[Start of section]
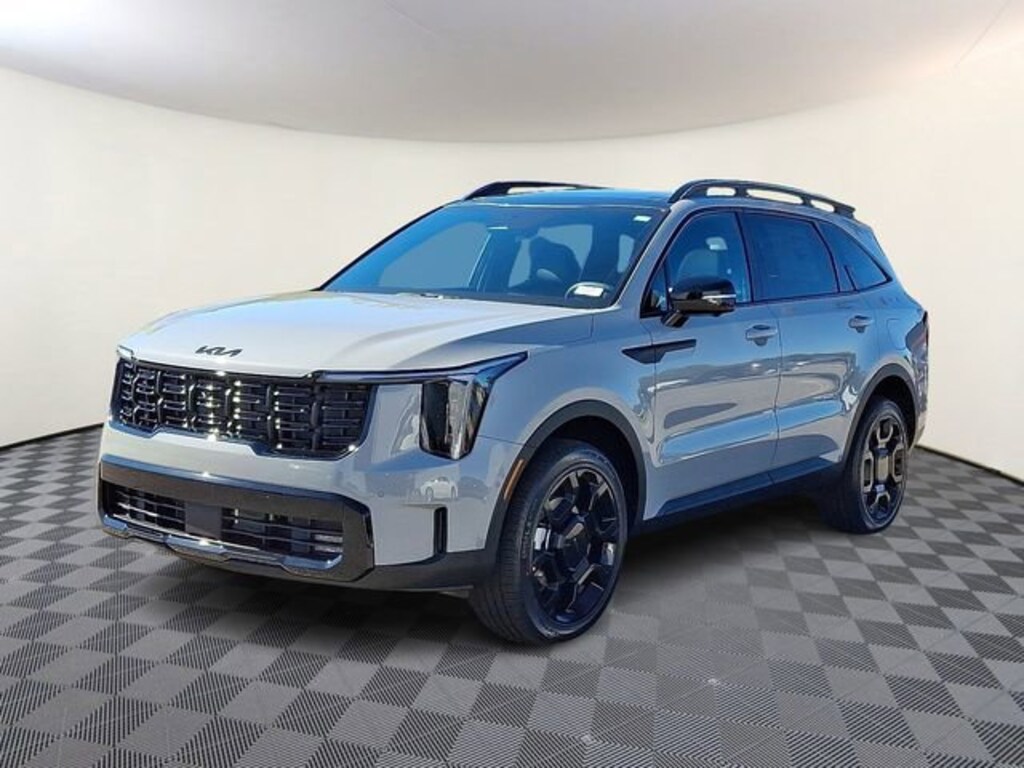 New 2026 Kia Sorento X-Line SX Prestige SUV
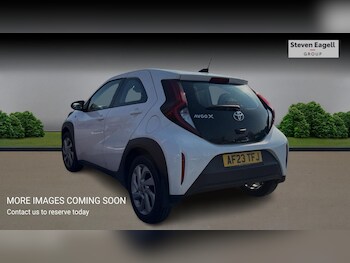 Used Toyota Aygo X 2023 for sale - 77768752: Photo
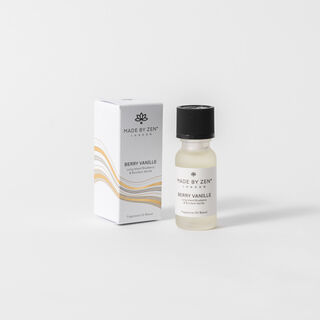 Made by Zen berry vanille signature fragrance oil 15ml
[End of section]
[Start of section]
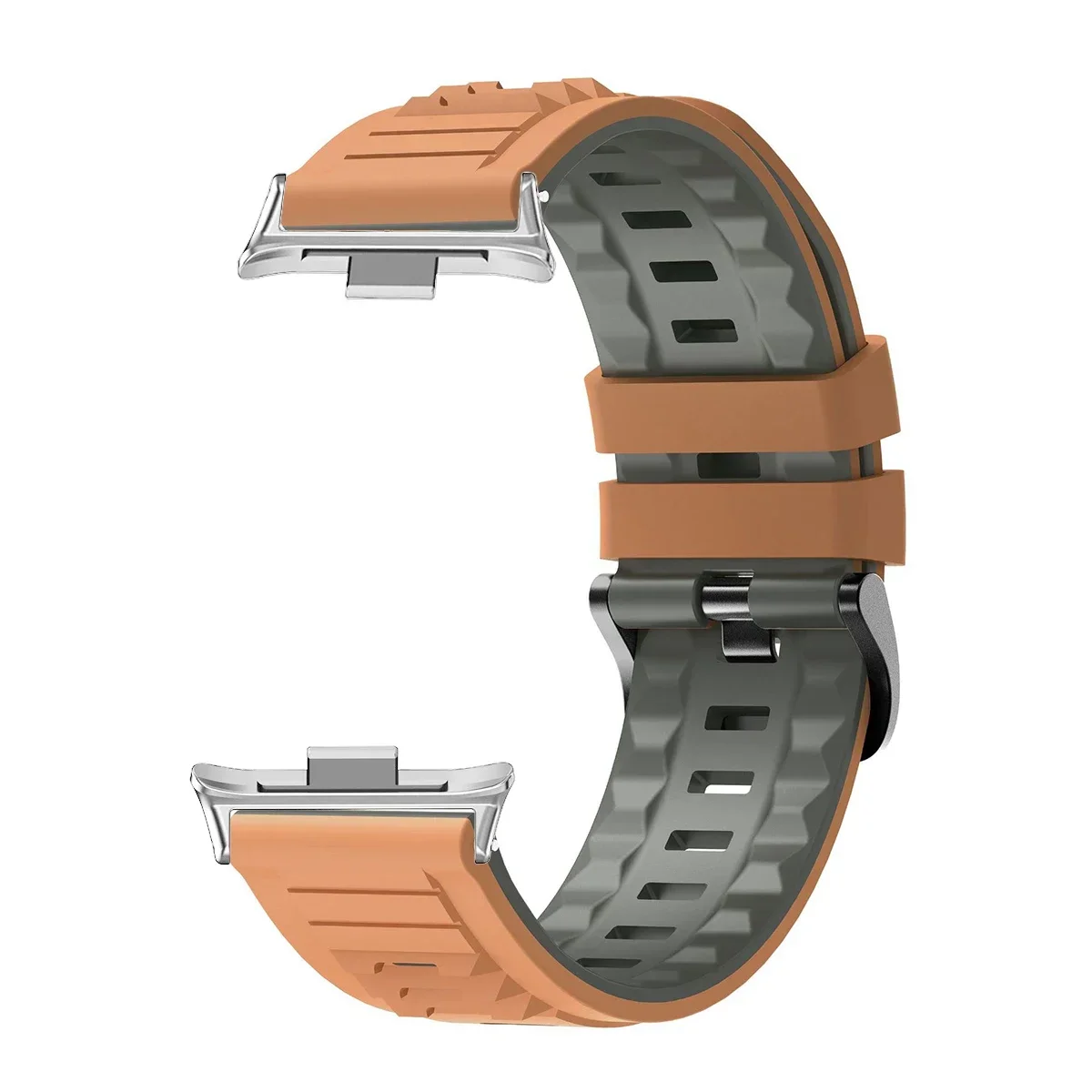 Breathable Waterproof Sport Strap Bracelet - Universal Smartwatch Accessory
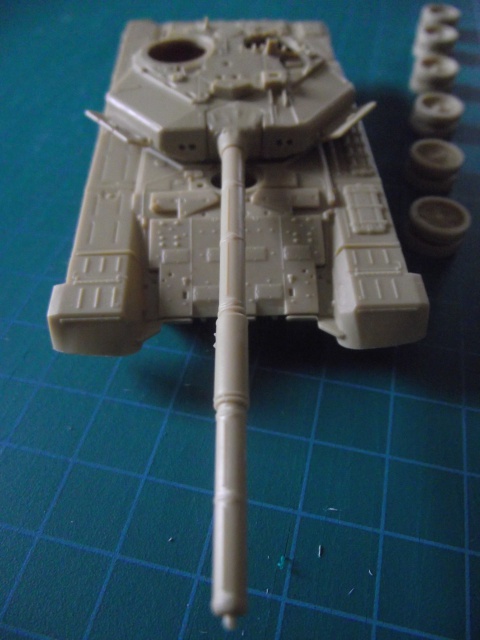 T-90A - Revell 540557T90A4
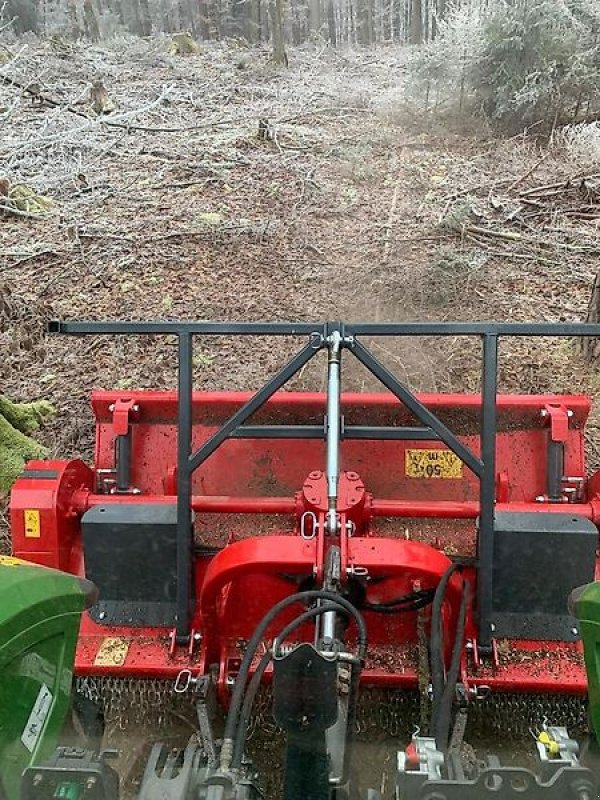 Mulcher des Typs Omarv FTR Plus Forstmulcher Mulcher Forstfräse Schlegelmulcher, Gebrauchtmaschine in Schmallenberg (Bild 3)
[End of section]
• _Exercise description_:
Your output should be the lines above from the one that contains "Used Toyota Aygo" through the one that contains "Made by Zen", word for word, with pictures left out.

• _Response box_:
 Used Toyota Aygo X 2023 for sale - 77768752: Photo
 Made by Zen berry vanille signature fragrance oil 15ml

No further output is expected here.